Let `N` be the characteristic of the base ring this polynomial
is defined over: ``N = self.base_ring().characteristic()``.
This method returns small roots of this polynomial modulo some
factor `b` of `N` with the constraint that `b >= N^\beta`.
Small in this context means that if `x` is a root of `f`
modulo `b` then `|x| < X`. This `X` is either provided by the
user or the maximum `X` is chosen such that this algorithm
terminates in polynomial time. If `X` is chosen automatically
it is `X = ceil(1/2 N^{\beta^2/\delta - \epsilon})`.
The algorithm may also return some roots which are larger than `X`.
'This algorithm' in this context means Coppersmith's algorithm for finding
small roots using the LLL algorithm.

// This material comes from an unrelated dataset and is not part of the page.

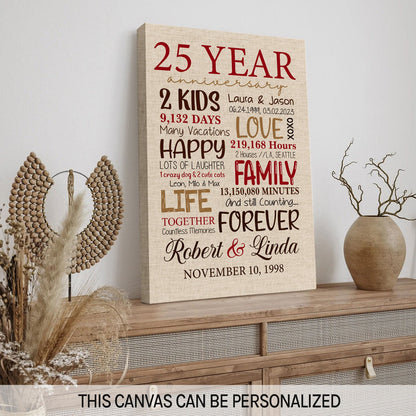 25th Anniversary - Personalized 25 Year Anniversary gift for Parents for Husband for Wife - Custom Canvas - MyMindfulGifts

The implementation of this algorithm
follows Alexander May's PhD thesis referenced below.
INPUT:
- ``X`` -- an absolute bound for the root (default: see above)
- ``beta`` -- compute a root mod `b` where `b` is a factor of `N` and `b
\ge N^\beta`. (Default: 1.0, so `b = N`.)
- ``epsilon`` -- the parameter `\epsilon` described above. (Default: `\beta/8`)
- ``**kwds`` -- passed through to method :meth:`Matrix_integer_dense.LLL() <sage.matrix.matrix_integer_dense.Matrix_integer_dense.LLL>`.
EXAMPLES:
First consider a small example::
sage: N = 10001
sage: K = Zmod(10001)
sage: P.<x> = PolynomialRing(K, implementation='NTL')
sage: f = x^3 + 10*x^2 + 5000*x - 222
This polynomial has no roots without modular reduction (i.e. over `\ZZ`)::
sage: f.change_ring(ZZ).roots()
[]
To compute its roots we need to factor the modulus `N` and use the Chinese
remainder theorem::
sage: p,q = N.prime_divisors()
sage: f.change_ring(GF(p)).roots()
[(4, 1)]
sage: f.change_ring(GF(q)).roots()
[(4, 1)]
sage: crt(4, 4, p, q)
4
This root is quite small compared to `N`, so we can attempt to
recover it without factoring `N` using Coppersmith's small root
method::
sage: f.small_roots()
[4]
An application of this method is to consider RSA. We are using 512-bit RSA
with public exponent `e=3` to encrypt a 56-bit DES key. Because it would be
easy to attack this setting if no padding was used we pad the key `K` with
1s to get a large number::
sage: Nbits, Kbits = 512, 56
sage: e = 3
We choose two primes of size 256-bit each::
sage: p = 2^256 + 2^8 + 2^5 + 2^3 + 1
sage: q = 2^256 + 2^8 + 2^5 + 2^3 + 2^2 + 1
sage: N = p*q
sage: ZmodN = Zmod( N )
We choose a random key::
sage: K = ZZ.random_element(0, 2^Kbits)
and pad it with 512-56=456 1s::
sage: Kdigits = K.digits(2)
sage: M = [0]*Kbits + [1]*(Nbits-Kbits)
sage: for i in range(len(Kdigits)): M[i] = Kdigits[i]
sage: M = ZZ(M, 2)
Now we encrypt the resulting message::
sage: C = ZmodN(M)^e
To recover `K` we consider the following polynomial modulo `N`::
sage: P.<x> = PolynomialRing(ZmodN, implementation='NTL')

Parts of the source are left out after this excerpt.